Gueye’s inability to access the right granted Stanciu and Nedelcearu—one of non-participation in a cause—is a mere systemic undermining of his two identities. He’s Muslim and black African. He has the absolute right to forego any virtue-signaling fad like his Romanian counterparts. Having him forced to promote a practice that contradicts his belief undermines his right too. He’s not rebelling here, he’s tolerating. He merely opted out of becoming a salesman of the LGBTQ+ culture, not de-marketing it.
What confuses me, even more, is why his decision alarms a country that’s stood by its decision to ban the wearing of headscarves and hijab, which are obligatory for women in Gueye’s religion.
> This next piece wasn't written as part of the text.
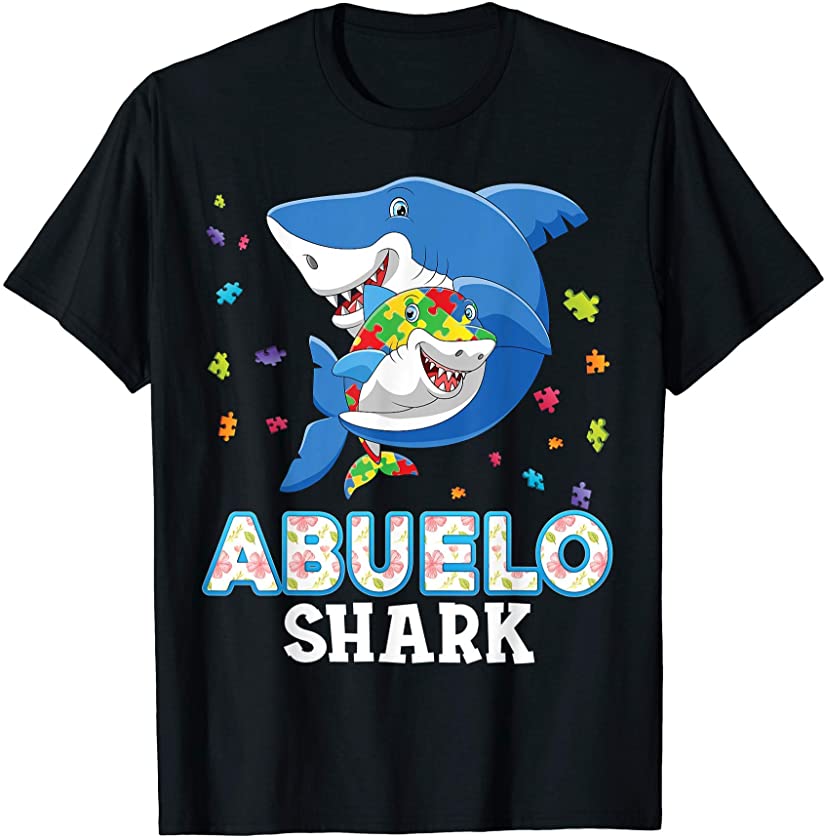 Abuelo Shark Autism Awareness Rainbow Puzzle Matching Do T-Shirt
But we function in global hypocrisy that applauds the marginalization of these Muslim women by the very characters upset by Gueye’s faith-based decision to choose the ideas to market or pass up.
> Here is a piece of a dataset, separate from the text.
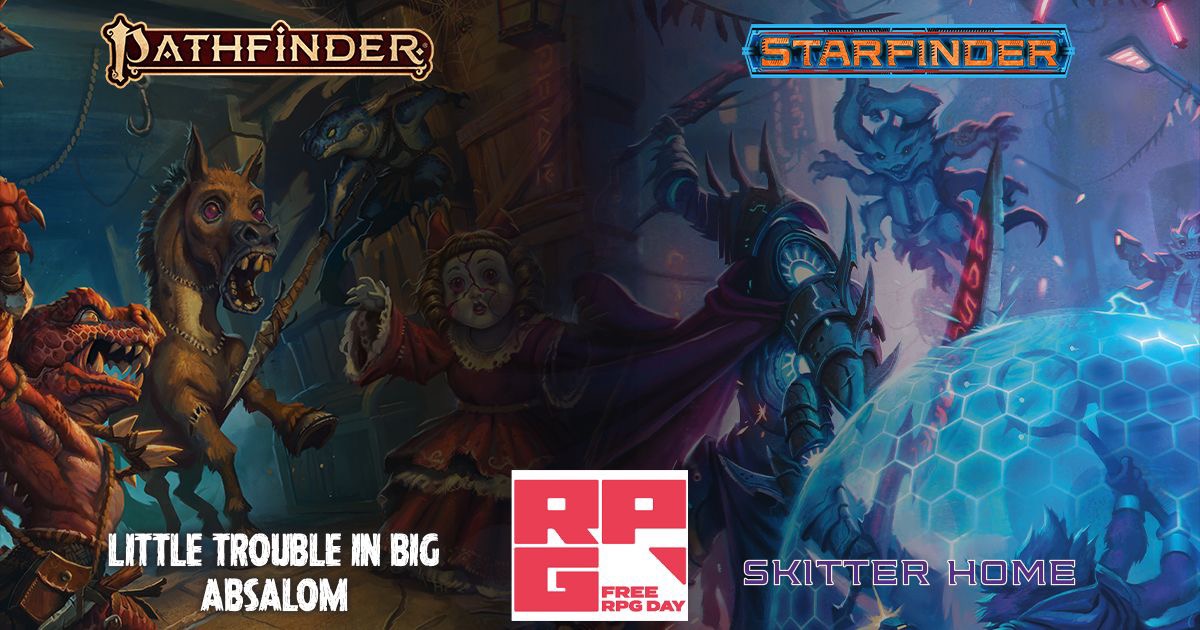 Combined image of game covers for Pathfinder: Big Trouble In Little Absalom and Starfinder: Skitter Home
So, what happens when, for instance, a European footballer and devout atheist in a Middle Eastern country is asked to wear a branded jersey that promotes, glamorizes, or legitimizes polygamy—an essential practice there that’s illegal in the athlete’s home country and anywhere in the West but a millennia-old norm in other cultures?
It’s also disingenuous to describe Gueye’s action as homophobia. His non-participation in wearing an LGBTQ+ jersey is being called so such by those who didn’t accuse Stanciu and Nedelcearu of racism for boycotting the anti-racism campaign. The fact, also, that a Muslim takes a stance against something that isn’t in congruence with their religious belief shouldn’t call for scrutiny of their other transgressions. I’ve seen Gueye being called out for things unrelated to this trending non-issue.
Gueye is a footballer from Senegal, and before you ask him to go back to his country, take note that he’s not drawn to Paris by accident. He’s there because the leaders of that country interfered with the development trajectory of his country, and exploited their resources, human and material, to have them assimilated to valorize French culture. France is a multicultural country in fatal denial.